> **Activity**: Leaving the pictures aside, return all of the data below exactly.

> **Input data**:
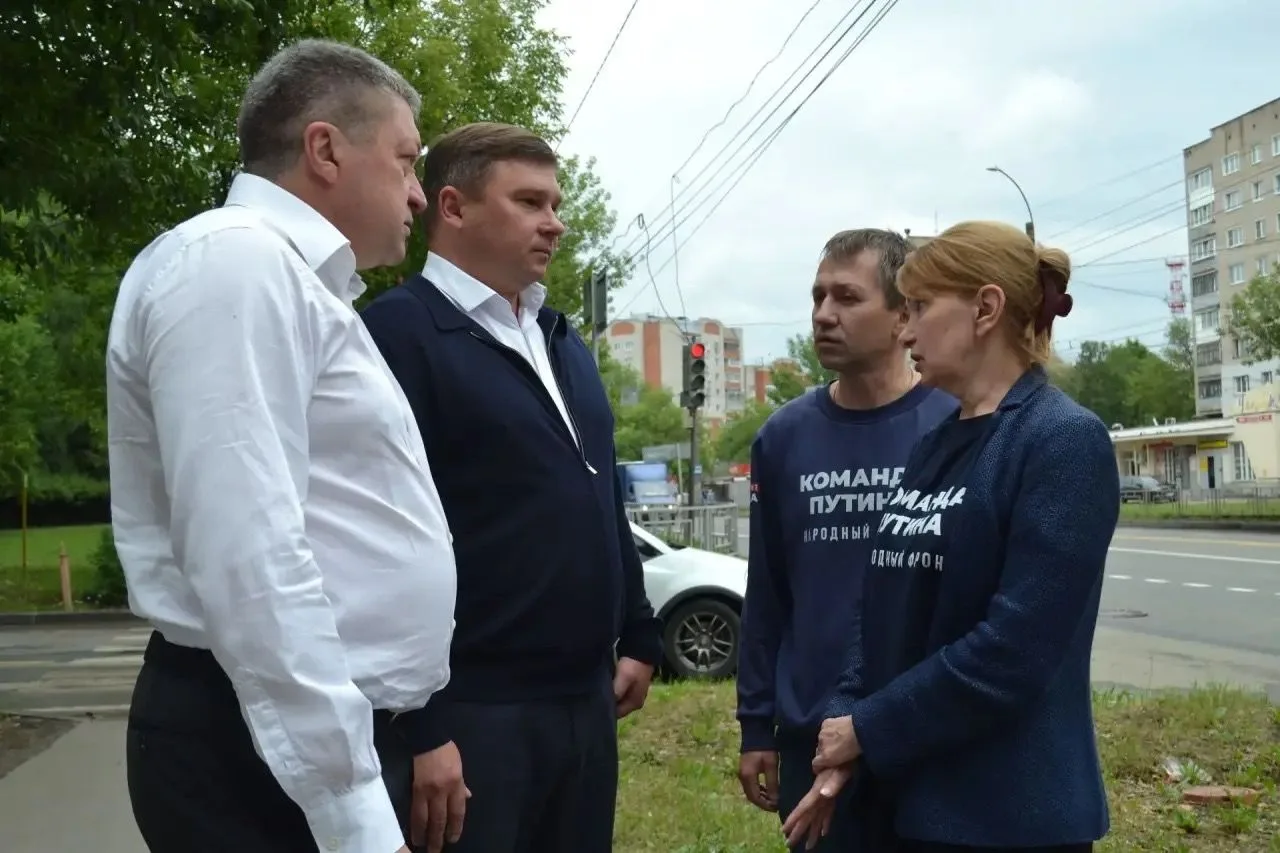 🚧 Проспект Строителей обновили: около 800 метров нового асфальта

Совместно с депутатом Ивановской 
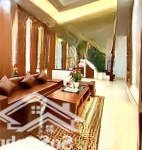 Nhà 6 tầng dân xây nội thất đẳng cấp hiện đại - khu dân trí cao - gần cấp 1 ,2,3 hoàng hoa thám ,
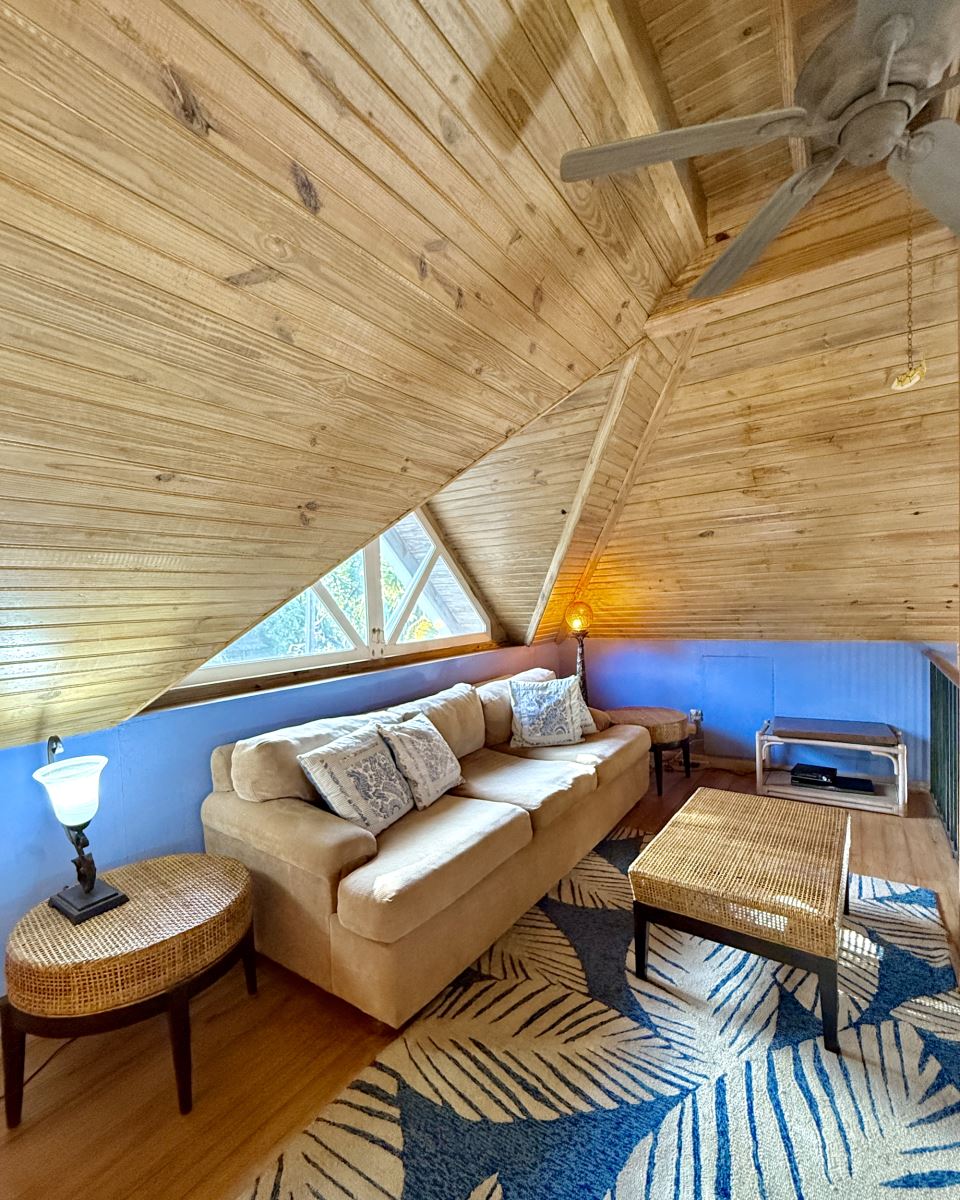 lounge area in master bedroom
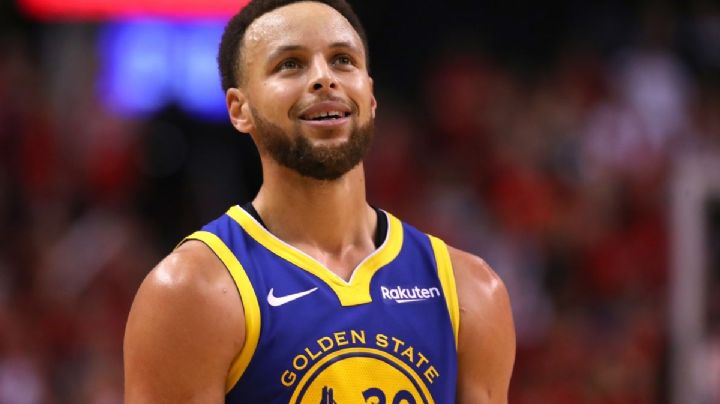 Novedades en la NBA: Stephen Curry renueva su amor con Warriros con contrato de 215mdd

> **Response area**:
 🚧 Проспект Строителей обновили: около 800 метров нового асфальта

Совместно с депутатом Ивановской 
 Nhà 6 tầng dân xây nội thất đẳng cấp hiện đại - khu dân trí cao - gần cấp 1 ,2,3 hoàng hoa thám ,
 lounge area in master bedroom
 Novedades en la NBA: Stephen Curry renueva su amor con Warriros con contrato de 215mdd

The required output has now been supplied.